Untitled ItemMechanical Stress Protects Against Chondrocyte Pyroptosis through Lipoxin A4 via Synovial Macrophage M2 Subtype Polarization in an Osteoarthritis Model

Our previous study found that lipoxin A4 (LXA4) exerted therapeutic effects on osteoarthritis (OA). In this study, we evaluated the effects of LXA4 via synovial macrophage M1/M2 subtype polarization on chondrocyte pyroptosis and mechanisms during mechanical stimulation. Synovial macrophages were subjected to various LXA4 concentrations and cyclic tensile strain (CTS) conditions to determine optimal co-culture conditions. The effects of LXA4 on chondrocyte pyroptosis, as represented by macrophage M1/M2 subtype polarization, were detected by western blot, immunofluorescence, and flow cytometry analyses. Forty male Sprague-Dawley rats were randomly divided into four groups (n = 10): control group (CG), OA group (OAG), OA with moderate-intensity treadmill exercise (OAE), and OAE + BOC-2 (an LXA4 antagonist). All rats were evaluated using histology, enzyme-linked immunosorbent assay (ELISA), quantitative PCR, and western blot analyses. We found that LXA4 was downregulated in articular fluid and that CD 86/Arg 1 was up-regulated in the synovium of patients with increasing Kellgren-Lawrence grade. In vitro, CTS and LXA4 both promoted M2 subtype polarization of synovial macrophages, inhibiting the nuclear translocation of NF-κB p65 and the NLRP3 formation in chondrocytes. In vivo, the OAE treatment exerted protective effects on articular cartilage and facilitated M2 polarization of synovial macrophages. These effects were suppressed by BOC-2 treatment. We concluded that moderate CTS enhances the therapeutic effects of LXA4 by inhibiting the nuclear translocation of NF-κB p65 and NLRP3. Furthermore, the therapeutic effects of LXA4 during treadmill exercise in monoiodoacetate-induced OA were driven by promotion of synovial macrophage M2 subtype polarization.

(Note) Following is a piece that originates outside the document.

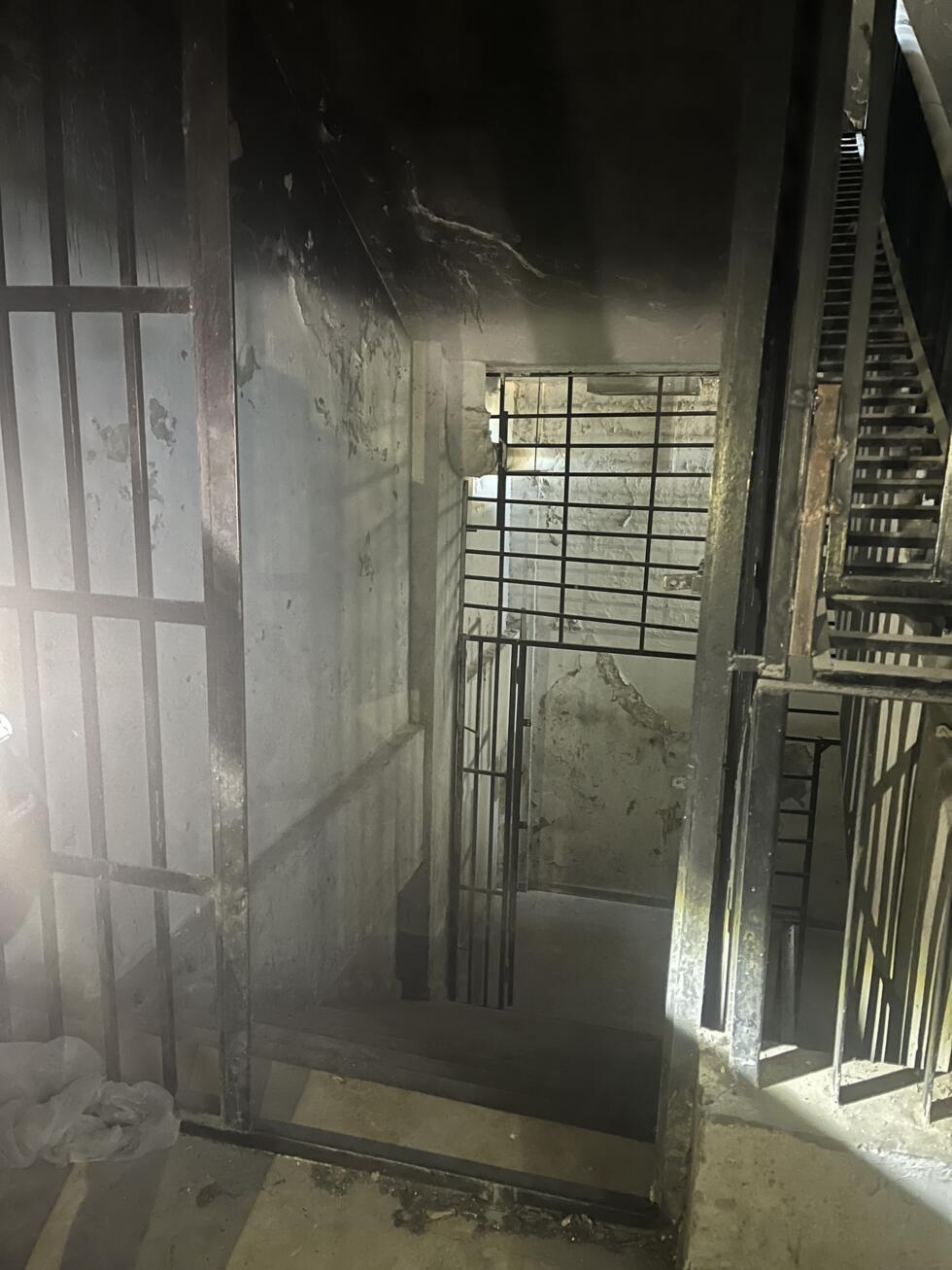 A barred door leads to the basement of the Palestine Branch, where the cells are located, Damascus, May 29, 2025.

本团队前期研究发现，脂氧素A4（lipoxin A4, LXA4）对骨关节炎（osteoarthritis, OA）具有治疗作用。本研究中，我们探究了脂氧素A4通过调控滑膜巨噬细胞M1/M2亚型极化，对机械刺激下软骨细胞焦亡的影响及其潜在作用机制。我们通过设置不同浓度的脂氧素A4与不同周期性张应变（cyclic tensile strain, CTS）条件处理滑膜巨噬细胞，以确定最优的共培养实验条件。本研究以巨噬细胞M1/M2亚型极化为观测指标，通过蛋白质印迹（western blot）、免疫荧光染色与流式细胞术检测，分析脂氧素A4对软骨细胞焦亡的调控效应。将40只雄性斯普拉格-道利（Sprague-Dawley）大鼠随机分为4组，每组10只：空白对照组（control group, CG）、骨关节炎模型组（OA group, OAG）、中等强度跑台运动干预骨关节炎组（OA with moderate-intensity treadmill exercise, OAE）以及OAE联合BOC-2（脂氧素A4拮抗剂）组。所有大鼠均通过组织形态学检测、酶联免疫吸附试验（enzyme-linked immunosorbent assay, ELISA）、定量聚合酶链式反应（quantitative PCR, qPCR）与蛋白质印迹分析完成评估。本研究发现，骨关节炎患者的关节液中脂氧素A4表达下调，且滑膜组织内CD86/Arg1的表达水平随Kellgren-Lawrence分级升高而上调。体外实验结果显示，周期性张应变与脂氧素A4均可促进滑膜巨噬细胞向M2亚型极化，并抑制软骨细胞内NF-κB p65的核转位与NLRP3炎症小体的形成。体内实验结果表明，中等强度跑台运动干预可对关节软骨起到保护作用，并促进滑膜巨噬细胞向M2亚型极化，而BOC-2处理可阻断上述效应。本研究最终证实，适度周期性张应变可通过抑制NF-κB p65的核转位与NLRP3的激活，增强脂氧素A4的治疗效应。此外，在单碘乙酸盐诱导的骨关节炎模型中，跑台运动下脂氧素A4的治疗作用依赖于对滑膜巨噬细胞M2亚型极化的促进作用。